Evernote did not publish other details about the attack, but Feedly informed that the purpose of the service disruption was money extortion.

“Criminals are attacking feedly with a distributed denial of service attack (DDoS). The attacker is trying to extort us money to make it stop,” the company says.

Security experts advise not to give in to ransom requests in order to discourage criminals from such practice; and this is exactly the action Feedly took, as their technicians worked to restore functionality of the service and cooperated with law enforcement to determine the group behind the attack.

“We refused to give in and are working with our network providers to mitigate the attack as best as we can,” says the initial blog post.

Users should not fear about personal details being compromised because the purpose of distributed denial-of-service is to bring down servers by bombarding them with useless data, which, at one point, can no longer be processed by the server.

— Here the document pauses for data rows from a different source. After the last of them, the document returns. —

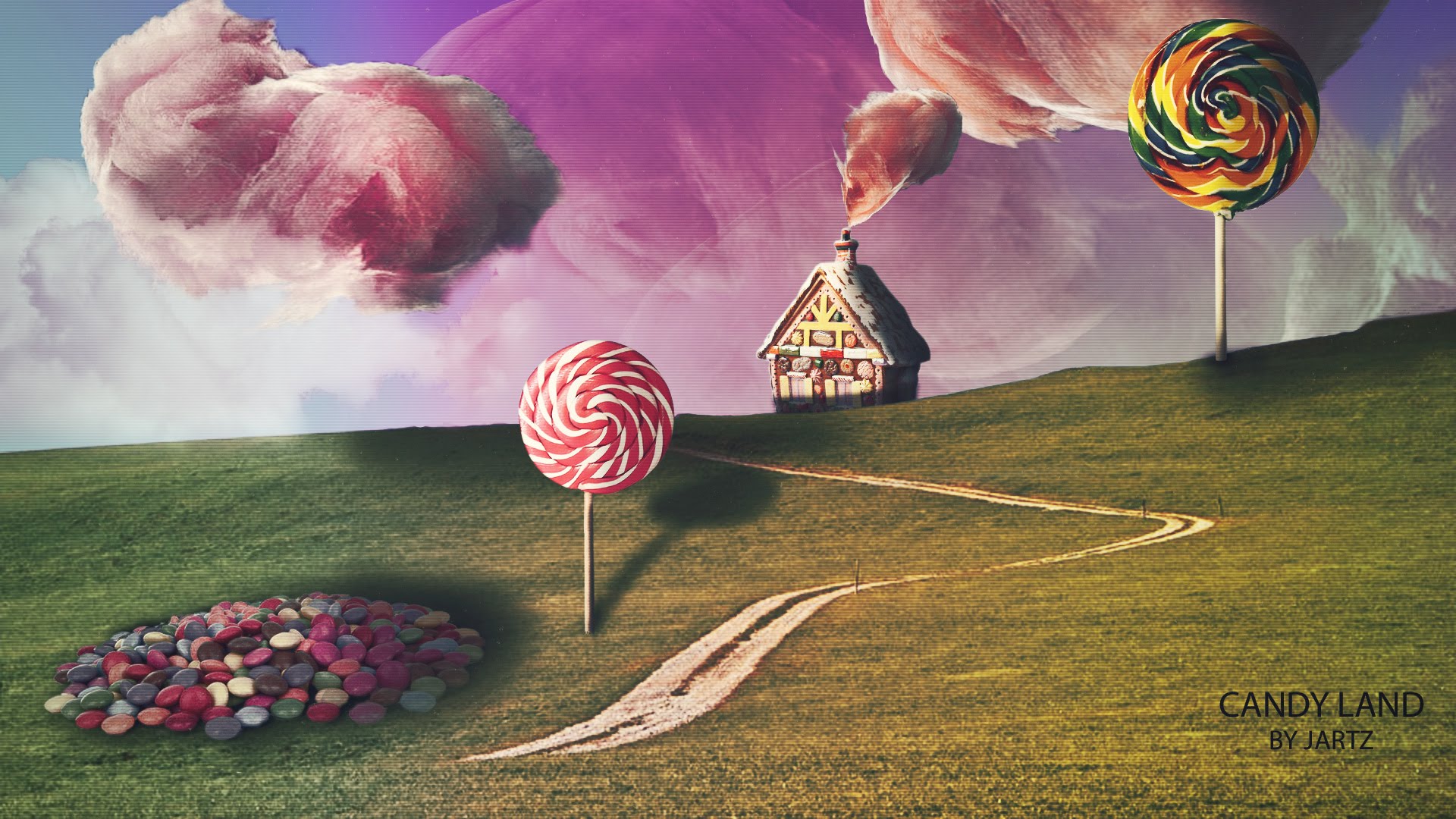 Wallpaper Candy Land By Jartz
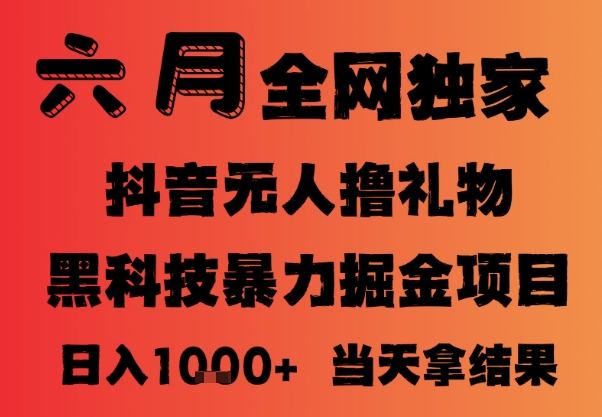 25年6月抖音无人直播最新暴力撸音浪掘金,小白可做,可批量矩阵放大,长期稳定日入1k+【揭秘】-淘金日记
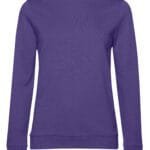 B&C WW02W Women's #Set In Sweatshirt - Radiant Purple | Custom Printed and Embroidered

However, such activities can disguise a different type of attack, as was the case with GameOver ZeuS botnet used by cybercriminals to distract victims from noticing a cyberheist.

[UPDATE, June 12]: Feedly made a new post on the company notifying users that the attack has been neutralized and that services are functional on all supported platforms. Updating all users (40 million) may take a few hours, though.

If you are still not able to access feedly.com it may be possible that the computer is caching an old DNS entry. Flushing the DNS solves the problem.